What would an answer look like? It might involve analysing the kind of
reasoning he was using and then finding a domain of problems for which the
reasoning is logically sound. Or it might involve a concept like "almost
logically sound". Some of the analysis might involve historical, or
sociological issues. Who knows - eventually it might involve personal issues
like spiritual belief or sexual inclination. That might catch the attention
of Steve's barber! It would certainly expand the horizons of FOM - an
expansion that may be necessary if Harvey's claim is to come true.
Another shape for the answer is contained implicitly in the following quote
by Shimura in talking about his collaborator, Taniyama:
"Taniyama was not a very careful person as a mathematician - he made
a lot of mistakes. But he made mistakes in a good direction and so
eventually he got the right answer. I tried to imitate him but I found
out it is very difficult to make good mistakes."
In fact, answering the question about Fermat might be facilitated by talking
to Shimura about Taniyama. It boggles the mind - Shimura and Taniyama would
then have played a key role in proving the theorem and solving the mystery!
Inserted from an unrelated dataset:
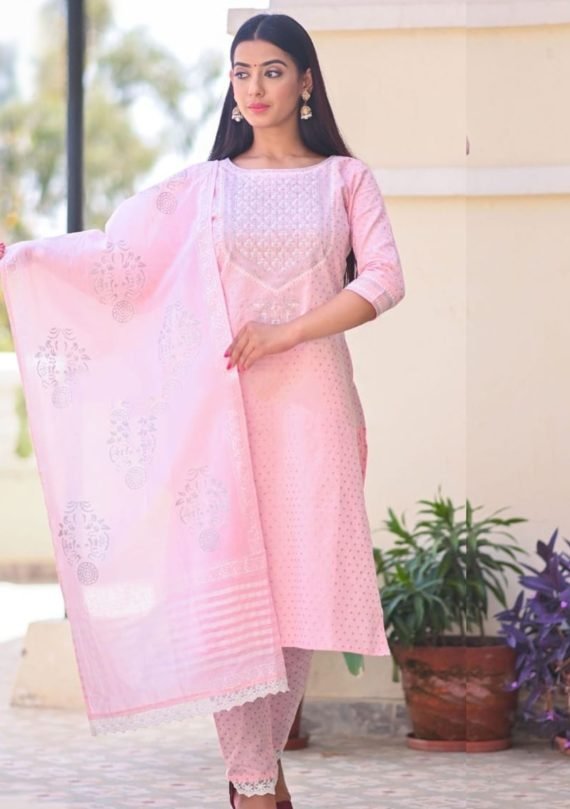Aaivi Women Pink Kurta sets with dupatta & Pants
* Another candidate for the subject line was: "It's how they do it, not what
they do, stupid", a takeoff on a slogan of the 1992 Clinton campaign for
President. No personal aspersions intended! It's a way of suggesting a
change of focus toward more consideration of how mathematics is practiced as
opposed to the collection of theorems that result. Close to but not quite
what Pratt is suggesting.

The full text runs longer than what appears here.